PROBLEM DESCRIPTION:
Copy out each line below verbatim, skipping any picture.

DATA SEGMENT:
= = = =

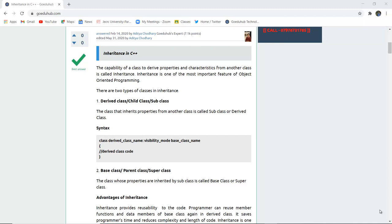There are two types of classes in inheritance. The first is the derived class, also called child class or subclass — all are the same thing. The class that inherits properties from another class is known as the subclass or derived class. The second is the base class, also called parent class or super class — the class whose properties are inherited by the subclass.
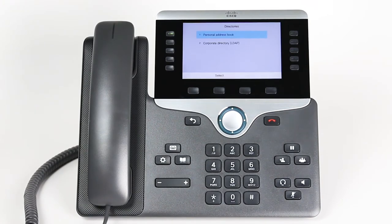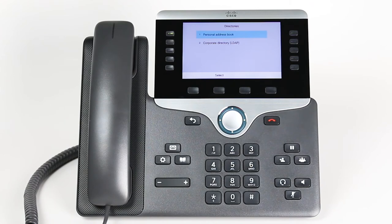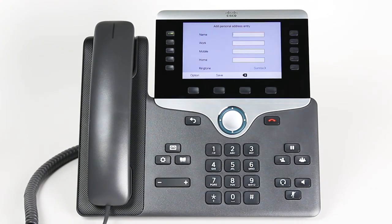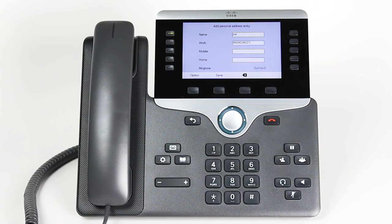To add a contact, go to your directory and select your phone book. Press the add soft key. Enter in the contact's information using the arrow keys to navigate. Press the save soft key to save the contact.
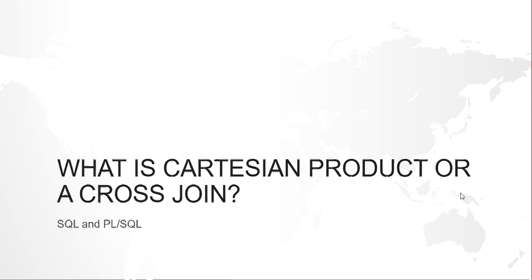Hello guys, this is Kishan and this video is on understanding a Cartesian product, like what is a Cartesian product or a cross-join and how it is formed and how to avoid it.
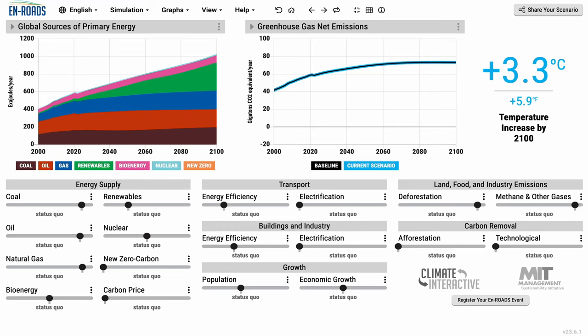The methane and other gases slider is over here on the far right side of the En-ROADS control panel. You can adjust a whole group of different kinds of actions that will reduce our non-CO2 greenhouse gas emissions. This includes things like methane emissions, nitrous oxide emissions, and the F-gases.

= = = =

EXERCISE RESPONSE:
There are two types of classes in inheritance. The first is the derived class, also called child class or subclass — all are the same thing. The class that inherits properties from another class is known as the subclass or derived class. The second is the base class, also called parent class or super class — the class whose properties are inherited by the subclass.
To add a contact, go to your directory and select your phone book. Press the add soft key. Enter in the contact's information using the arrow keys to navigate. Press the save soft key to save the contact.
Hello guys, this is Kishan and this video is on understanding a Cartesian product, like what is a Cartesian product or a cross-join and how it is formed and how to avoid it.
The methane and other gases slider is over here on the far right side of the En-ROADS control panel. You can adjust a whole group of different kinds of actions that will reduce our non-CO2 greenhouse gas emissions. This includes things like methane emissions, nitrous oxide emissions, and the F-gases.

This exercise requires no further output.